I made an ADA style light hanger a few years back and used some plastic plugs for the ends of the 1/2" conduit and for the life of me, I cannot remember where I purchased them from. I want to make another set for my larger tank but now i just need to figure out where I got them from.

Has anyone seen these before?

I have attached a pic close up as well as the stand and hangers. Hope you all enjoy.


----------



## gklaw (May 31, 2010)

May be these will work.

Cane Caps - Lee Valley Tools

Checked HomeDepot? They do carry metal plug to cap knock outs in electrical boxes as well.
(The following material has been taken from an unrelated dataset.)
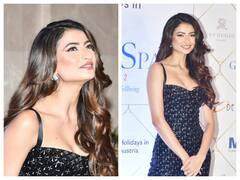 ब्लैक कलर की चमचमाती ड्रेस पहन ग्रीन कार्पेट पर पोज़ देती दिखीं पलक तिवारी, ग्लैमरस अदाओं से लूट ली मफफिल !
Why not check that out when you pick up the conduits. PM Roberto Luongo (not out Canuck goalie), he is looking for someone to make a couple for him.


----------



## martinshaver (Nov 25, 2011)

Looking for something that pushes inside the conduit. I have tried Rona. Home depot and lee valley. No luck. 
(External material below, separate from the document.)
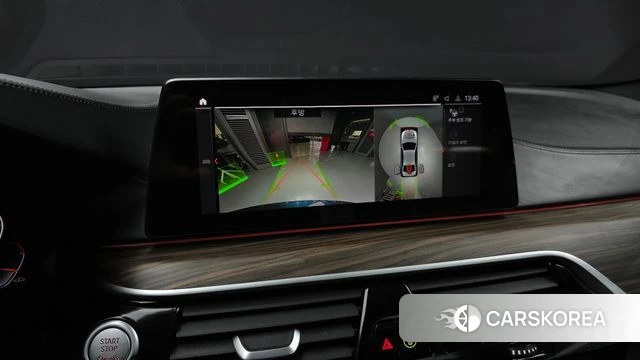 BMW 5 Series (G30) 2020 Черный из Кореи, фото 6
I could make some for him but I live in Saskatoon haha. Shipping wouldn't be that cheap


----------



## gklaw (May 31, 2010)

Buurrrrrrr. I can feel the chill.

"metal plug to cap knock outs in electrical boxes"

They are chrome plated and may just snap inside the pipe. I do have a source but you likely have to order at least 500 to make the minimum order.

Ebay:

plastic hole plug | eBay

BTW, very nicely done


----------



## martinshaver (Nov 25, 2011)

I tried eBay earlier. Guess I entered the wrong criteria for searching. 

Thanks!


----------